- _What needs to be done_: Go through the listing below and retype exactly the lines starting at the one with "Pre-Lit LED JOY Decoration" and ending at the one with "The Royal Embroidered", skipping pictures.

**** Records for this task

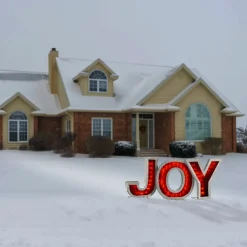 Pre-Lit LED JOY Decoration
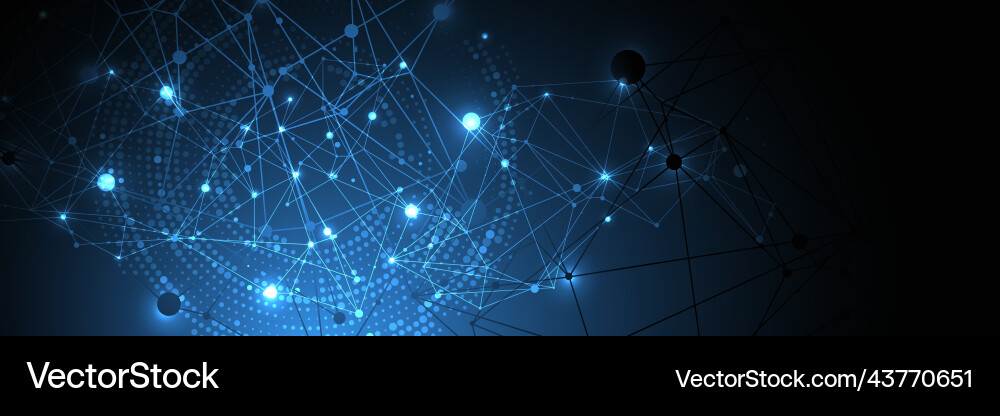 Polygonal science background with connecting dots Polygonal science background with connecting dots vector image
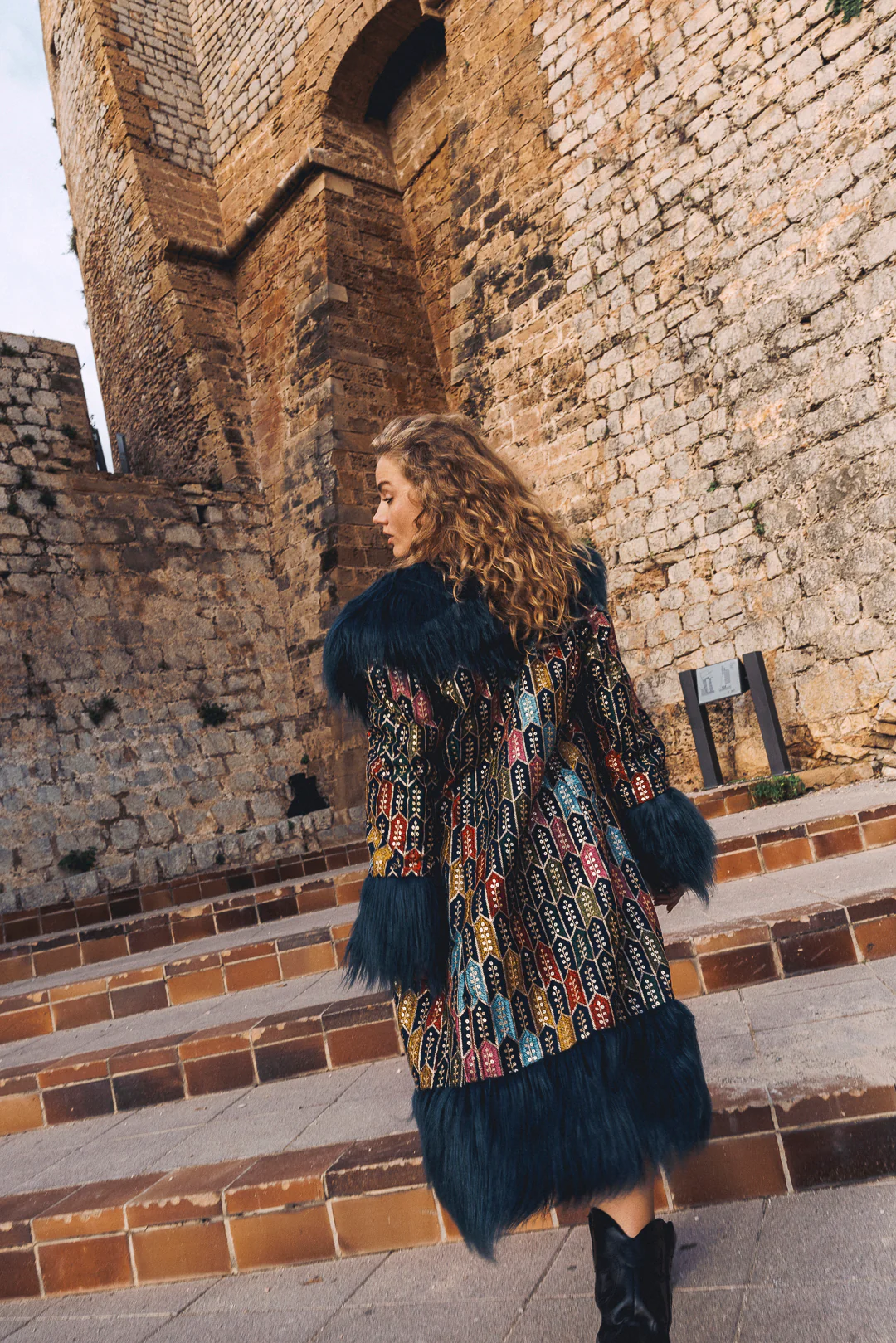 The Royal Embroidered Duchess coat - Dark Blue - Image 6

********
**** Records for this task

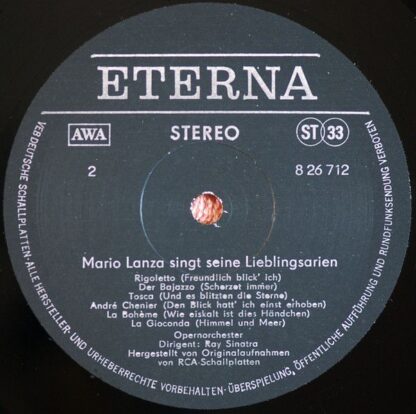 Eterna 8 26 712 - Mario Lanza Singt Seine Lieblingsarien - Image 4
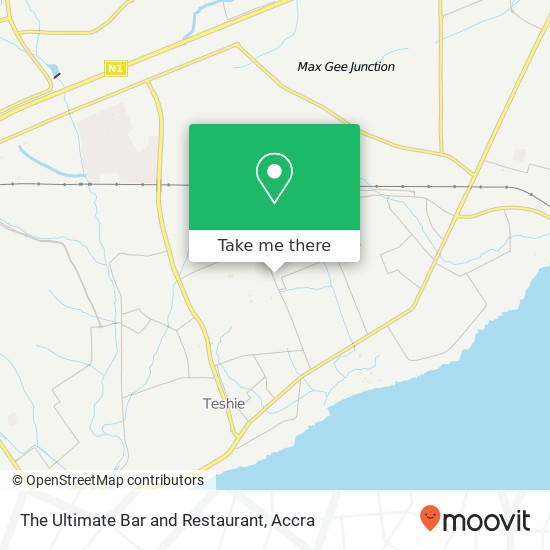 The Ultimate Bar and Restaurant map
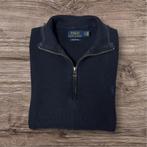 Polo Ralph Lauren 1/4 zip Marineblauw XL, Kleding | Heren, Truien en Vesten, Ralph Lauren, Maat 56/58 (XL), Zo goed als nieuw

********

- _The answer_:
 Pre-Lit LED JOY Decoration
 Polygonal science background with connecting dots Polygonal science background with connecting dots vector image
 The Royal Embroidered Duchess coat - Dark Blue - Image 6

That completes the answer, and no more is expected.